Start of MATERIAL SHOWN

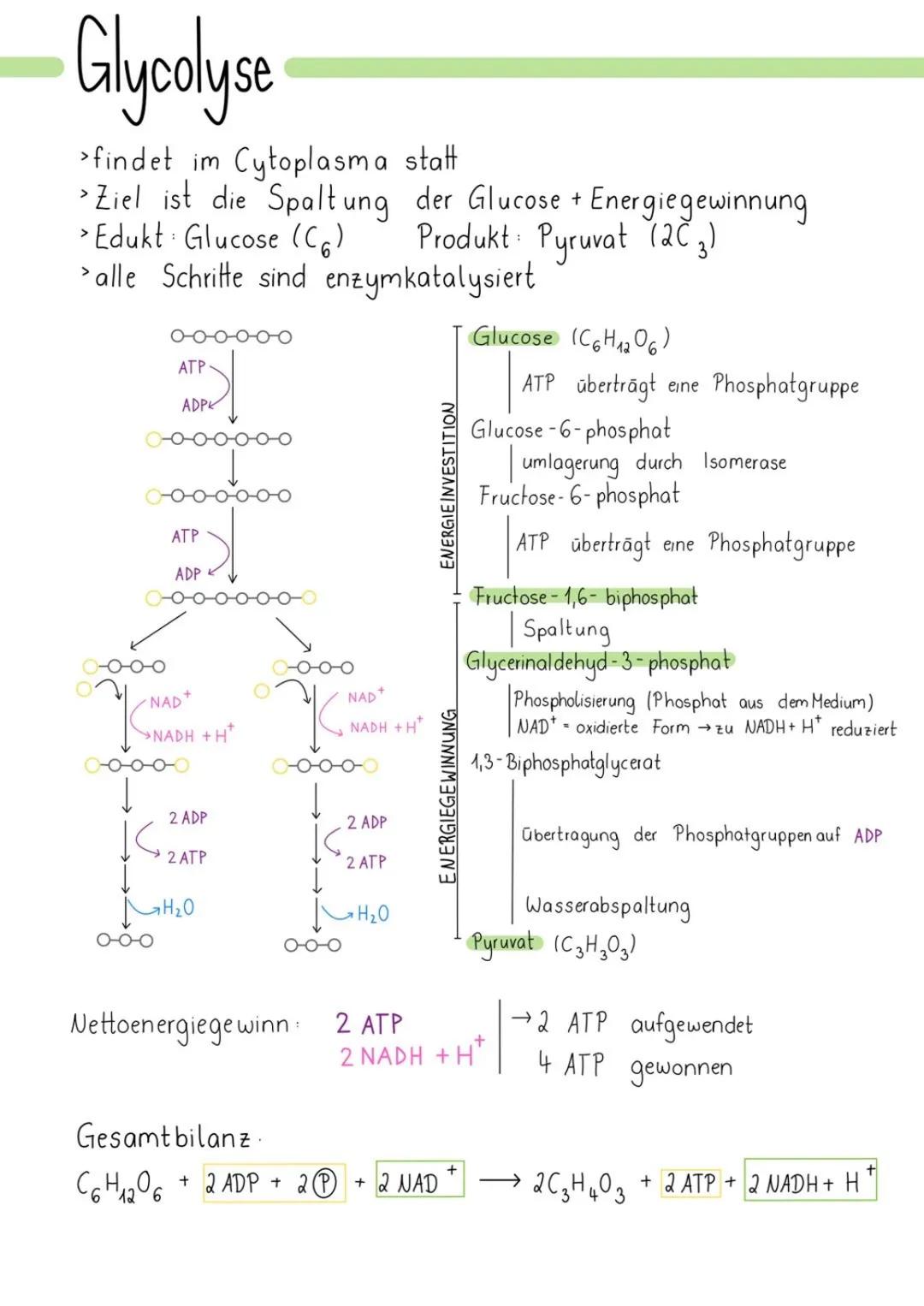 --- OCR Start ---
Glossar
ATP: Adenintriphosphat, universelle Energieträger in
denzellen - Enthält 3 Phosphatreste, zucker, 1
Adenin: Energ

End of MATERIAL SHOWN
Start of MATERIAL SHOWN

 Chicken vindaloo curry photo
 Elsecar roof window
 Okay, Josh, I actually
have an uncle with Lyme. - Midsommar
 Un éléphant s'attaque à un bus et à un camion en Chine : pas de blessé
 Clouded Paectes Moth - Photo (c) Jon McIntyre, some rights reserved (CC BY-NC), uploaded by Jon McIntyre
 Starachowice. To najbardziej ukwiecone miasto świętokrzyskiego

End of MATERIAL SHOWN

All lines above from the one holding "Un éléphant s'attaque" to the one holding "Starachowice. To najbardziej", inclusive, are to be copied exactly; no other line is wanted.

 Un éléphant s'attaque à un bus et à un camion en Chine : pas de blessé
 Clouded Paectes Moth - Photo (c) Jon McIntyre, some rights reserved (CC BY-NC), uploaded by Jon McIntyre
 Starachowice. To najbardziej ukwiecone miasto świętokrzyskiego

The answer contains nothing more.